Product Topologies the Open Set Way
Munkres, like most topology texts, explains the concept of topology in terms of open sets (Bourbaki can be credited/blamed for this). Thus, when it comes time to explain many topological concepts, they are often described in terms of their effect on open sets or on the interaction between open sets and them. Naturally this approach is applied to product topologies.

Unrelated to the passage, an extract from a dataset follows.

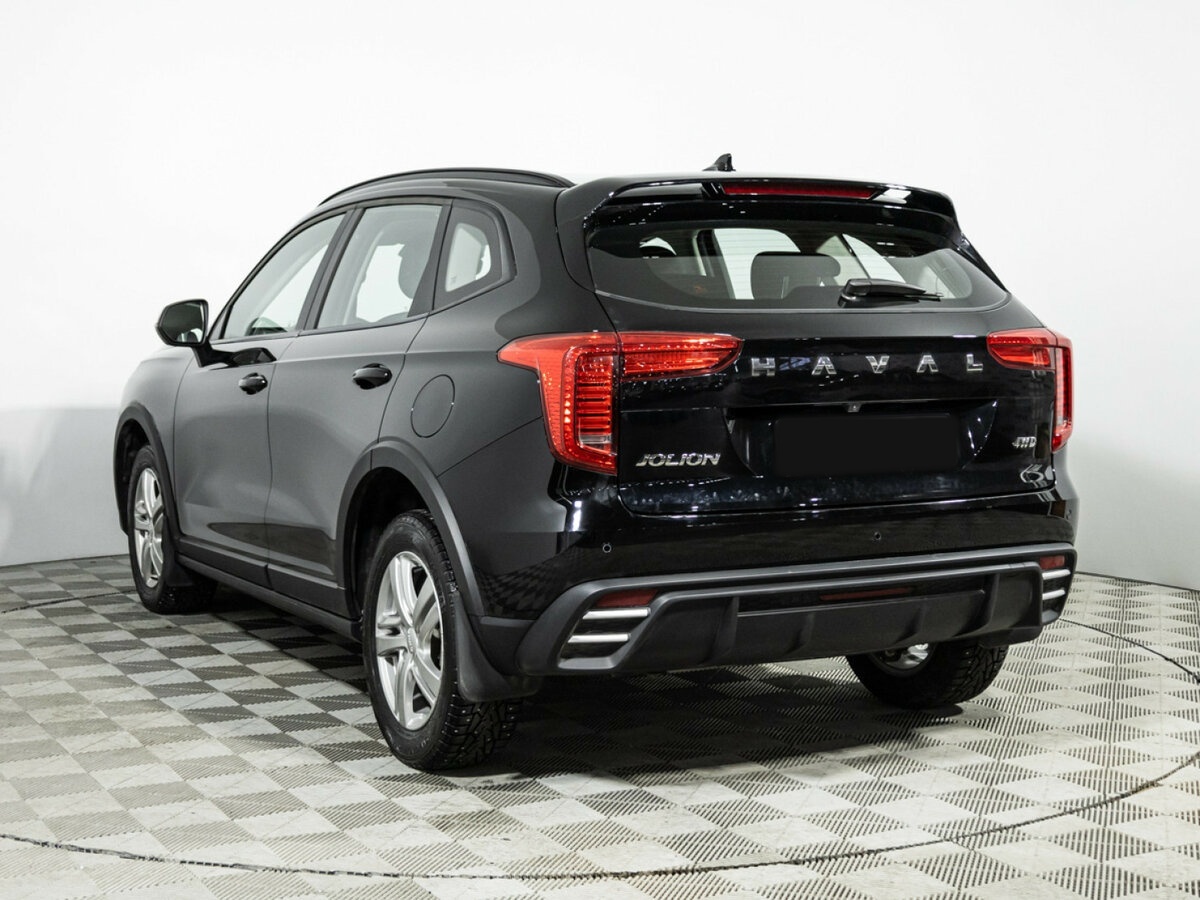 Продажа Б/У Хавал Джолион. Фото: #6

Given two sets \(A\) and \(B\), and their elements, \(a \in A\), \(b \in B\), we often describe the product set \(A \times B\) of ordered pairs \(\braket{a,b}\) of elements of the two sets. This idea extends to topologies: given two topological spaces \(\mathcal{A}\) and \(\mathcal{B}\), we can describe the product space \(\mathcal{A} \times \mathcal{B}\), i.e. the space given the product topology in accordance with topologies \(\mathcal{A}\) and \(\mathcal{B}\). Since some set \(A\) underlies the space \(\mathcal{A}\) and some set \(B\) underlies \(\mathcal{B}\), we expect, rightfully, the product space \(\mathcal{A} \times \mathcal{B}\) to be underlay by the product set \(A \times B\) of pairs. The question to be answered is: what is the appropriate topology to apply to subsets of \(A \times B\), given the topology that \(\mathcal{A}\) imposes on \(A\) and \(\mathcal{B}\) imposes on \(B\)?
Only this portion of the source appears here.